Sería divertido saber qué pensaría Baroja de ver este Madrid de La busca, entonces tan feo, de “aduar africano”, como él mismo escribió, ahora convertido en un jardín por donde los domingos pasean las familias, la gente va en bicicleta y hace footing e incluso han construido un posmoderno puente de metal, que parece un gusano gigante, para los transeúntes. Pensándolo un poco, lo más seguro es que le diera igual, porque a Baroja todo le daba igual, y en cualquier caso poco importa, porque hace más de cincuenta años que murió, y tenemos que conformarnos con sus maravillosas descripciones, las mejores de toda la literatura española.

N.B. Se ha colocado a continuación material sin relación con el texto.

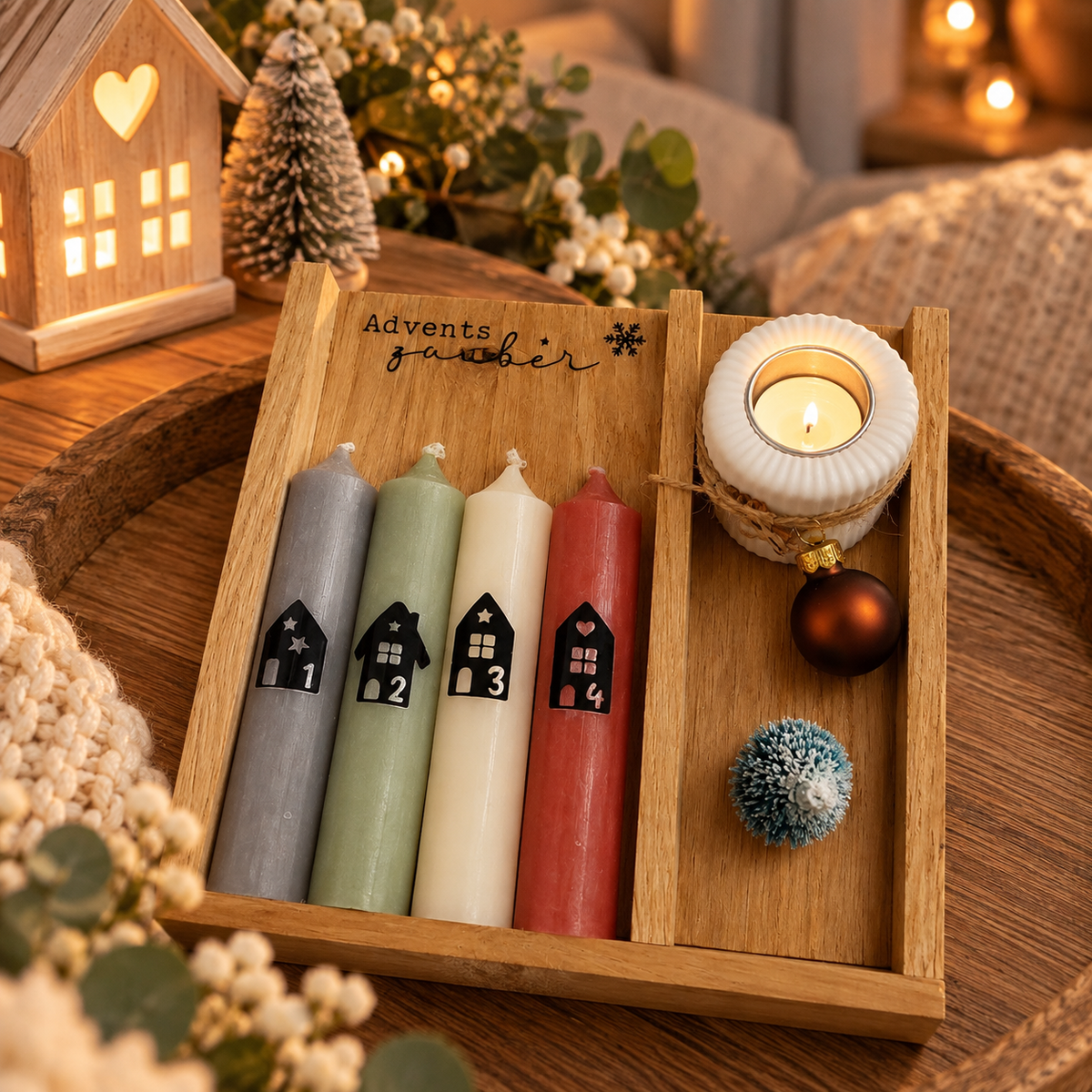 AdventsSet
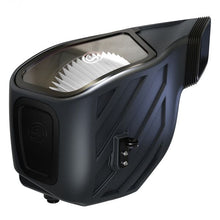 Load image into Gallery viewer, ~(17-Lbs.-25X17x16)~-Ram-Cold-Air-Intake-For-19-20-Ram-2500-3500-6.7L-Cummins-Dry-Extendable-S-B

Es un ejercicio saludable el confrontar aquel Madrid de Mala hierba con el actual a partir de los textos del escritor vasco y fotografías del hoy. Eso es lo que uno querría hacer en este blog, si Dios nos da tiempo y fuerzas para ello. Un homenaje a Baroja, un homenaje a las figuras ilustres que dibujaron para nosotros, para la posteridad, una zona de Madrid tan madrileña; un homenaje a la literatura y la pintura y, sobre todo, un homenaje a Madrid mismo, pues los que vivimos en esta ciudad muchas veces nos olvidamos de ella, y parece que no fuera suyo lo que es tan suyo, su literatura, su arte, su gente, su carácter, su habla incluso, pues los madrileños también tenemos nuestro acento. ¿O no, tron?